Only one stretch of the data should be retyped: the lines from the line containing "Before we jump" through the line containing "Hi guys and". Keep pictures out of it.

→ **Raw data**:
□ □ □ □

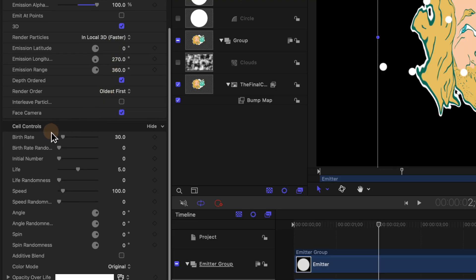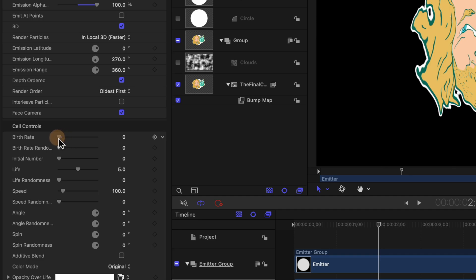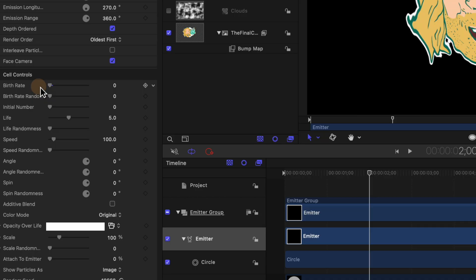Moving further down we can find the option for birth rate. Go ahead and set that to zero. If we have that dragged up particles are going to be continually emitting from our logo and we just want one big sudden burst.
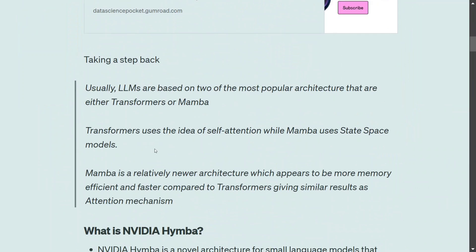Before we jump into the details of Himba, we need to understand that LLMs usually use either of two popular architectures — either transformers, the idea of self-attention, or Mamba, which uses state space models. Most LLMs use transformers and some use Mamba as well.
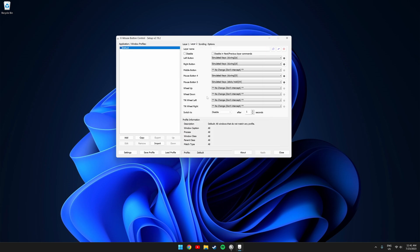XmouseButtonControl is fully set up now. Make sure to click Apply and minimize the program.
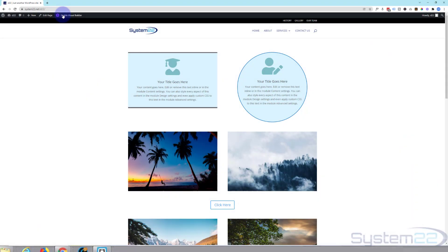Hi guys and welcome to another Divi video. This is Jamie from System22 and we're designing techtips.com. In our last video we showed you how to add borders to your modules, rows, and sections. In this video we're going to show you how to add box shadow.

□ □ □ □

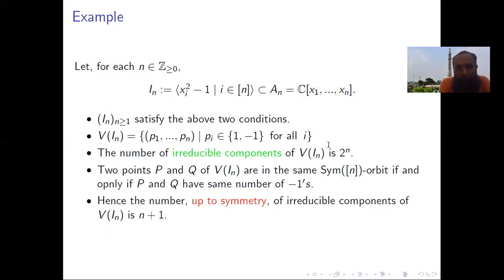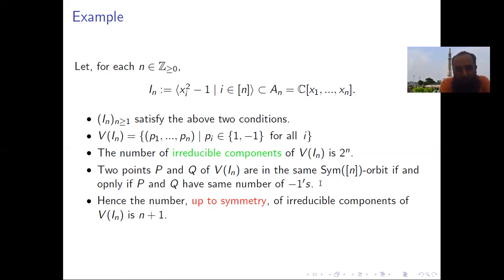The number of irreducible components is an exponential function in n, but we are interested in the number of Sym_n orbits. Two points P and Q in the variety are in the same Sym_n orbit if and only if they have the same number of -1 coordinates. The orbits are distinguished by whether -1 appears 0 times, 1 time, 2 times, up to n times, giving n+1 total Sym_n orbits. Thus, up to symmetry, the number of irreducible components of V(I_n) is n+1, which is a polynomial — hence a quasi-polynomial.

□ □ □ □

→ **Reply to the exercise**:
Before we jump into the details of Himba, we need to understand that LLMs usually use either of two popular architectures — either transformers, the idea of self-attention, or Mamba, which uses state space models. Most LLMs use transformers and some use Mamba as well.
XmouseButtonControl is fully set up now. Make sure to click Apply and minimize the program.
Hi guys and welcome to another Divi video. This is Jamie from System22 and we're designing techtips.com. In our last video we showed you how to add borders to your modules, rows, and sections. In this video we're going to show you how to add box shadow.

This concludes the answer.